The Last Duel director Ridley Scott is revered as one of cinema’s most versatile mainstreamers but, barring Gladiator, his historical epics have tended not to win much adoration – something that is unlikely to change with this account of a real-life 14th-century case of rape and rivalry.

The feud between nobles Jean de Carrouges (Matt Damon) and Jacques Le Gris (Adam Driver), who fall out after the latter wins the favour of Count Pierre d’Alençon (Ben Affleck), with De Carrouges losing his destined captaincy and a desired piece of land, part of his promised dowry in his marriage to Marguerite de Thibouville (Jodie Comer). The film begins in 1386, with the men beginning armoured combat in front of King Charles VI, then jumps back to trace the story up to the point when Marguerite tells her husband that Le Gris has raped her.

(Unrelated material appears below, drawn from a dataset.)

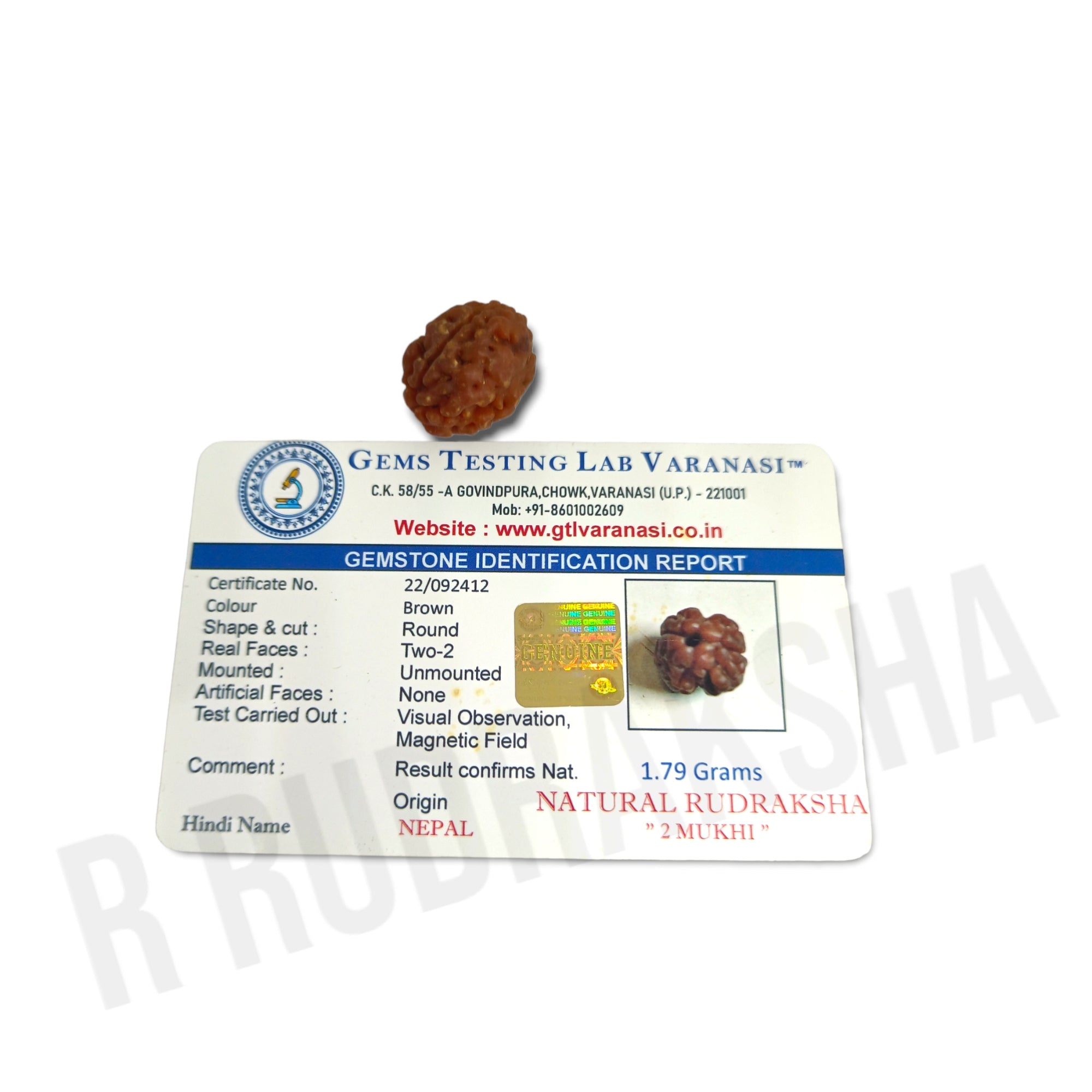 Nepali 2 Mukhi Rudraksha Lab Certified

The plot is told in three parts, each recounting the events from the viewpoint of a particular character – Jean, Jacques and Marguerite – and each scripted by one of three writers in turn. They are Damon, Affleck and, most intriguingly, Nicole Holofcener. The third chapter, under Holofcener’s charge, is most interesting in opening up Marguerite’s viewpoint and overturning the feudal male perspective of the earlier installments.

However, by the time the film gets round to showing its hand as an episode of Medieval #MeToo, it has numbed us with so much flash and fustian that the heart of the story has almost been drowned. Marguerite’s story could have made a fascinating, somewhat Shavian drama if only the grandiose spectacle had been stripped back. As it is, you quickly tire of the mud, metal and permanently medieval weather: if it’s not snowing, everything’s steeped in mist. And it takes a considerable leap of faith to get over Damon’s mullet and bogbrush beard, less 14th-century knight than 1990s nu-metal bro.

Damon is solidly cantankerous as Jean; Driver does a Byronic, cape-swirling act that suggests he might be using his role as a dry run for a stage Richard III; Comer, though she holds the attention, gives a performance a little too restrained to fully animate a thinly conceived role. Affleck, though, has fun, uttering some of the sillier lines as a platinum-haired lord who runs his chateau like the Playboy Mansion. Otherwise, our liege, neither memorable nor productive.